Publisher's Weekly, your source for
fake news--every word of that blurb is false
In our last episode I told you that I purchased my 1970 paperback copy of Douglas R. Mason's 1966 novel From Carthage Then I Came, retitled Eight Against Utopia in this edition, partly because it appeared to be inspired or influenced by one of the 20th century's foremost poets, T. S. Eliot, one of the most important of all Christian theologians, Augustine of Hippo, and the ancient tales of the sons of Oedipus.  I even described my experience of reading Seven Against Thebes by Greek playwright Aeschylus and The Thebaid by Roman poet Statius.  Now let's read the lovely blue paperback which set me on that mission of reading books from 2,000 years ago.  Joachim Boaz, star SF blogger and tweeter, warned us that Eight Against Utopia is dull, but let's cross our fingers and dive in anyway!

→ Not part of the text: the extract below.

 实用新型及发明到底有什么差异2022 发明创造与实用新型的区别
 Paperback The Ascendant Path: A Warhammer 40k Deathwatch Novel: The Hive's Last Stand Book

Seven thousand years ago mankind retreated into domed cities in order to survive a new ice age!  (This must be the ice age J.G. Bennett warned us about on Robert Fripp's experimental rock music album Exposure!)  Over the millennia, ostensibly to conserve scarce resources and maintain order in the shelter's tight confines, the northernmost domed city, Carthage, sited on the African coast of the Mediterranean, has developed into a repressive authoritarian state; each citizen's bodily functions and brainwaves are monitored, so the government can even tell (more or less) what you are thinking!  This system doesn't have the capacity to read everybody's mind at once, reminding the reader of Jeremy Bentham's panopticon, and with effort clever people can evade its probing by filling the surface of their minds with a jumble of tedious calculations and trick it by thinking of forbidden matters via misdirecting symbols. 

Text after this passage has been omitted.